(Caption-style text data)
---

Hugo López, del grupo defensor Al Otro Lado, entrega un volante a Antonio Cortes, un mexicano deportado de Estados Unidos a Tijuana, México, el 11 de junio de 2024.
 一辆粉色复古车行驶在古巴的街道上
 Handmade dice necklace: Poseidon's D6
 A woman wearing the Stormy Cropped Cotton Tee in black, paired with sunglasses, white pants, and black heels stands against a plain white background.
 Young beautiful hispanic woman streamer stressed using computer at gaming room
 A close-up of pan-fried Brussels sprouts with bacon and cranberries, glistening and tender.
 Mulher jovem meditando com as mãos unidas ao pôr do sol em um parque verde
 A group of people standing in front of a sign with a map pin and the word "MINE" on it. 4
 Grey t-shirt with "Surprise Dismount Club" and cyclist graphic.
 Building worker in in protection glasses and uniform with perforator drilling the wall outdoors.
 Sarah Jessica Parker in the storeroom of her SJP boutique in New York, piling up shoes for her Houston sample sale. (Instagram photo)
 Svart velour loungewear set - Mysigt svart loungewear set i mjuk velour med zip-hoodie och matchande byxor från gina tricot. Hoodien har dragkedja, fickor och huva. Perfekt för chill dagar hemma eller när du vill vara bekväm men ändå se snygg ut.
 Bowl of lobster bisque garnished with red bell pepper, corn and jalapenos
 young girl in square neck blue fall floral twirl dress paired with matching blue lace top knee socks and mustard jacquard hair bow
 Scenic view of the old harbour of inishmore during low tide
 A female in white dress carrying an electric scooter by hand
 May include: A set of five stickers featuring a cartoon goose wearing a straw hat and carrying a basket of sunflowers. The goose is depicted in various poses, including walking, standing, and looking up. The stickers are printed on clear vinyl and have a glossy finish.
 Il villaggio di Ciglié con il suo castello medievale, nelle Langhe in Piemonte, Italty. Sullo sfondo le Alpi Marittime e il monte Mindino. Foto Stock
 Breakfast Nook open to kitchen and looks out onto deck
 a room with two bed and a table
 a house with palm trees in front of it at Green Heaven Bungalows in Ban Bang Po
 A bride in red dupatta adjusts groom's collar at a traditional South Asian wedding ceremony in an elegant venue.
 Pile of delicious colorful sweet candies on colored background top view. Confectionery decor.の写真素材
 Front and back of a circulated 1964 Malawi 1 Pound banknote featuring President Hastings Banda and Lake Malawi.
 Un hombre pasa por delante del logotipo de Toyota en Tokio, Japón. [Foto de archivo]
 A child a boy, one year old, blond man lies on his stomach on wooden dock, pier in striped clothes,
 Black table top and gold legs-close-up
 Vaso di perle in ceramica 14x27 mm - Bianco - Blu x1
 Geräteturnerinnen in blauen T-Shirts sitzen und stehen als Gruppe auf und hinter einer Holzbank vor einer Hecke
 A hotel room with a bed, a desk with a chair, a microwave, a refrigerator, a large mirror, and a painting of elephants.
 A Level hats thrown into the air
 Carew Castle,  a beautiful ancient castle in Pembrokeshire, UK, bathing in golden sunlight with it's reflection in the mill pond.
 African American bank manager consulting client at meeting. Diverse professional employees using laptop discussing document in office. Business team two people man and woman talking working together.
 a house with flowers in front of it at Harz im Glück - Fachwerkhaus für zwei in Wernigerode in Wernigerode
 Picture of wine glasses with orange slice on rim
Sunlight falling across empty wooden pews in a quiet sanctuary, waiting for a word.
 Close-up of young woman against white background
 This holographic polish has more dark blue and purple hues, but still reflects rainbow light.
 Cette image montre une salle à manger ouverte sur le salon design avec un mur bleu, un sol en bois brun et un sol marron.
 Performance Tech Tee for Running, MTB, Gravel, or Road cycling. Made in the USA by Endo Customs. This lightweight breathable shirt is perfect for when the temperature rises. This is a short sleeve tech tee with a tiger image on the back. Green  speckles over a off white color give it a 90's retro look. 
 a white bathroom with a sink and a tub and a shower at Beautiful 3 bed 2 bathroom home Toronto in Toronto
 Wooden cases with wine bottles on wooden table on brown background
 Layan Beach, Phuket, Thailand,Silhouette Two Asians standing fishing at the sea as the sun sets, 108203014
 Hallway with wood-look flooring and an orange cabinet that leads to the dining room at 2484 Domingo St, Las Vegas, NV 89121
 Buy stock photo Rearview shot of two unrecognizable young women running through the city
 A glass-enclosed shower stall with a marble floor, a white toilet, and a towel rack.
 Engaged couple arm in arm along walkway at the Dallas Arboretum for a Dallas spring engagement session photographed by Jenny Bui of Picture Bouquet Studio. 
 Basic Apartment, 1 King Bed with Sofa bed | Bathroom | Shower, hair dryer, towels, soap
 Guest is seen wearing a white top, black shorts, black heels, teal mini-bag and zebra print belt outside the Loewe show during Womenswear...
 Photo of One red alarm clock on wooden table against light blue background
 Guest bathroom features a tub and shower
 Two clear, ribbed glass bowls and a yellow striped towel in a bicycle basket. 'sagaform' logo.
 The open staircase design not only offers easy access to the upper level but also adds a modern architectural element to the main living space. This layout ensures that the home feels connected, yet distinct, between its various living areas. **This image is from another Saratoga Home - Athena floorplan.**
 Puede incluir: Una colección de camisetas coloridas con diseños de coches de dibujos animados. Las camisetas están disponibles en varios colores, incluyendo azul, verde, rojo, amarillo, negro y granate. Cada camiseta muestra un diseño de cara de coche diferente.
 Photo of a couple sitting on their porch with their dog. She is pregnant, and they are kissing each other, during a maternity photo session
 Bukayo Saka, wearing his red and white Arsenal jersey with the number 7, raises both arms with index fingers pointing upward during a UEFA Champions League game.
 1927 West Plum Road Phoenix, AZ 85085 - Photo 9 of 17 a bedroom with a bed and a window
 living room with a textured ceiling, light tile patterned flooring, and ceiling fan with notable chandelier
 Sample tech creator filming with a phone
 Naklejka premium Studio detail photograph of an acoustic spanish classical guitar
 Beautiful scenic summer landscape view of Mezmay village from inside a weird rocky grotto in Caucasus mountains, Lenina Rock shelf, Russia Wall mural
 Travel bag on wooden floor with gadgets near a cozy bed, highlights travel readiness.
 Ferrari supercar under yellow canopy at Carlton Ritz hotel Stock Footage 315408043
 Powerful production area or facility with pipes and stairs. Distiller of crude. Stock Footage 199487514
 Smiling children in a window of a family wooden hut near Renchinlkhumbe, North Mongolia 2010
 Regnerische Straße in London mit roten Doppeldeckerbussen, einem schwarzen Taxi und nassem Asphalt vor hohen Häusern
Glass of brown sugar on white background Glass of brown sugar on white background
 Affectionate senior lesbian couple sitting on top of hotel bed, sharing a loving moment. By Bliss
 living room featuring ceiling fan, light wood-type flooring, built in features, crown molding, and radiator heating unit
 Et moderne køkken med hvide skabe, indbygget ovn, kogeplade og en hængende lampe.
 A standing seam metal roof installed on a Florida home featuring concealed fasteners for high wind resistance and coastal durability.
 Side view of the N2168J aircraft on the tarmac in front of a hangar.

---

▶ TRY IT:
Lines from the one containing "living room with" through the end of the entries above must be copied exactly; include both ends and no other lines.

▶ YOUR RESPONSE:
 living room with a textured ceiling, light tile patterned flooring, and ceiling fan with notable chandelier
 Sample tech creator filming with a phone
 Naklejka premium Studio detail photograph of an acoustic spanish classical guitar
 Beautiful scenic summer landscape view of Mezmay village from inside a weird rocky grotto in Caucasus mountains, Lenina Rock shelf, Russia Wall mural
 Travel bag on wooden floor with gadgets near a cozy bed, highlights travel readiness.
 Ferrari supercar under yellow canopy at Carlton Ritz hotel Stock Footage 315408043
 Powerful production area or facility with pipes and stairs. Distiller of crude. Stock Footage 199487514
 Smiling children in a window of a family wooden hut near Renchinlkhumbe, North Mongolia 2010
 Regnerische Straße in London mit roten Doppeldeckerbussen, einem schwarzen Taxi und nassem Asphalt vor hohen Häusern
Glass of brown sugar on white background Glass of brown sugar on white background
 Affectionate senior lesbian couple sitting on top of hotel bed, sharing a loving moment. By Bliss
 living room featuring ceiling fan, light wood-type flooring, built in features, crown molding, and radiator heating unit
 Et moderne køkken med hvide skabe, indbygget ovn, kogeplade og en hængende lampe.
 A standing seam metal roof installed on a Florida home featuring concealed fasteners for high wind resistance and coastal durability.
 Side view of the N2168J aircraft on the tarmac in front of a hangar.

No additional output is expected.